[SPARK-24107][CORE] ChunkedByteBuffer.writeFully method has not reset the limit value #21175

jinhai-cloud · 2018-04-27T03:20:18Z

JIRA Issue: https://issues.apache.org/jira/browse/SPARK-24107?jql=text%20~%20%22ChunkedByteBuffer%22

ChunkedByteBuffer.writeFully method has not reset the limit value. When
chunks larger than bufferWriteChunkSize, such as 80 * 1024 * 1024 larger than
config.BUFFER_WRITE_CHUNK_SIZE(64 * 1024 * 1024)，only while once, will lost 16 * 1024 * 1024 byte

kiszk · 2018-04-27T03:47:40Z

Would it be possible to add a unit test?

jinhai-cloud · 2018-04-27T03:55:50Z

In class ChunkedByteBufferSuite
unit test:

test("writeFully() does not affect original buffer's position") {
val chunkedByteBuffer = new ChunkedByteBuffer(Array(ByteBuffer.allocate(80 * 1024 * 1024)))
chunkedByteBuffer.writeFully(new ByteArrayWritableChannel(chunkedByteBuffer.size.toInt))
assert(chunkedByteBuffer.getChunks().head.position() === 0)
}

Ngone51 · 2018-04-27T04:08:41Z

@Manbuyun you need to add the unit test into ChunkedByteBufferSuite.scala and push a new commit.

Ngone51

Better with a unit test.

maropu · 2018-04-27T04:38:06Z

Plz add [CORE] in the title.

Ngone51 · 2018-04-27T04:47:29Z

core/src/test/scala/org/apache/spark/io/ChunkedByteBufferSuite.scala

@@ -56,6 +56,12 @@ class ChunkedByteBufferSuite extends SparkFunSuite {
    assert(chunkedByteBuffer.getChunks().head.position() === 0)
  }

+  test("writeFully() does not affect original buffer's position") {


Hi @Manbuyun .You should add a new unit test to support your own change. For example, "writeFully() can write buffer which is larger than bufferWriteChunkSize correctly. " And update the test code.

Done. Thanks

Ngone51 · 2018-04-27T05:39:32Z

core/src/test/scala/org/apache/spark/io/ChunkedByteBufferSuite.scala

+  test("writeFully() can write buffer which is larger than bufferWriteChunkSize correctly") {
+    val chunkedByteBuffer = new ChunkedByteBuffer(Array(ByteBuffer.allocate(80*1024*1024)))
+    chunkedByteBuffer.writeFully(new ByteArrayWritableChannel(chunkedByteBuffer.size.toInt))
+    assert(chunkedByteBuffer.getChunks().head.position() === 0)
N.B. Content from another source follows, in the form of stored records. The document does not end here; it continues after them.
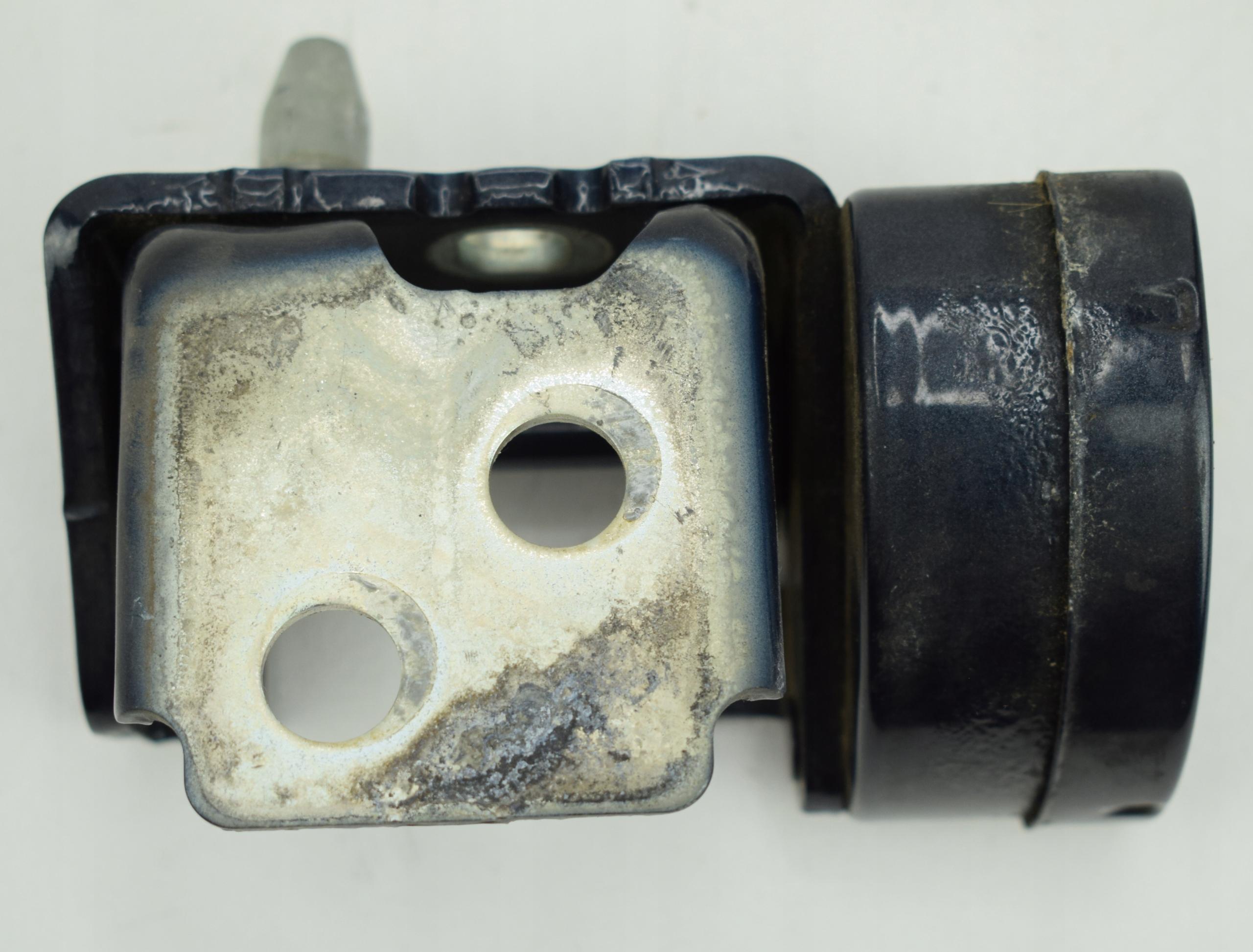 X7 - CITROEN C5 III ограничитель двери передний правый KGNC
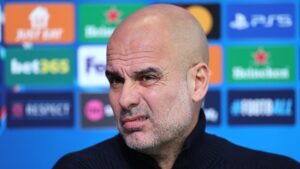 Pep Guardiola em coletiva de imprensa, antes de jogo contra Sparta Praga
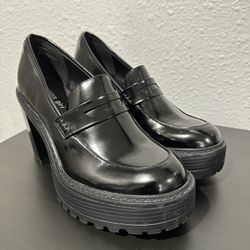Chunky Loafer Heels Size 9.5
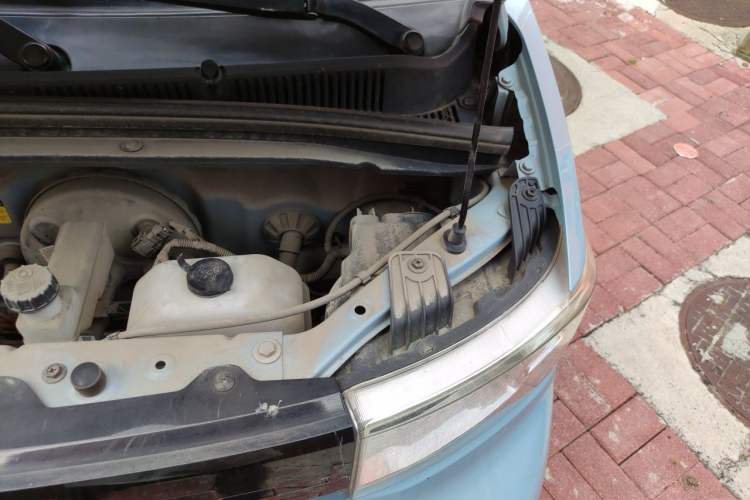 Used Wuling Hongguang MINIEV 2020 Enjoy Edition Lithium-Ion Battery Engine Bay Left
This assert is unnecessary for this PR change. Please replace it with assert channel's length here.

Ngone51 · 2018-04-27T05:46:45Z

core/src/test/scala/org/apache/spark/io/ChunkedByteBufferSuite.scala

@@ -56,6 +56,12 @@ class ChunkedByteBufferSuite extends SparkFunSuite {
    assert(chunkedByteBuffer.getChunks().head.position() === 0)
  }

+  test("writeFully() can write buffer which is larger than bufferWriteChunkSize correctly") {
+    val chunkedByteBuffer = new ChunkedByteBuffer(Array(ByteBuffer.allocate(80*1024*1024)))


nit: space beside *.

Done. Thanks

kiszk · 2018-04-27T06:27:09Z

core/src/test/scala/org/apache/spark/io/ChunkedByteBufferSuite.scala

@@ -56,6 +56,12 @@ class ChunkedByteBufferSuite extends SparkFunSuite {
    assert(chunkedByteBuffer.getChunks().head.position() === 0)
  }

+  test("writeFully() can write buffer which is larger than bufferWriteChunkSize correctly") {


nit: Would it be possible to add SPARK-24107: into the start of the string? It would help us connect a UT with JIRA entry.

Done. Thanks

Ngone51 · 2018-04-27T07:08:58Z

core/src/test/scala/org/apache/spark/io/ChunkedByteBufferSuite.scala

+  test("SPARK-24107: writeFully() write buffer which is larger than bufferWriteChunkSize") {
+    val chunkedByteBuffer = new ChunkedByteBuffer(Array(ByteBuffer.allocate(80 * 1024 * 1024)))
+    chunkedByteBuffer.writeFully(new ByteArrayWritableChannel(chunkedByteBuffer.size.toInt))
+    assert(chunkedByteBuffer.size === (80L * 1024L * 1024L))


ByteArrayWritableChannel 's size, not chunkedByteBuffer's size.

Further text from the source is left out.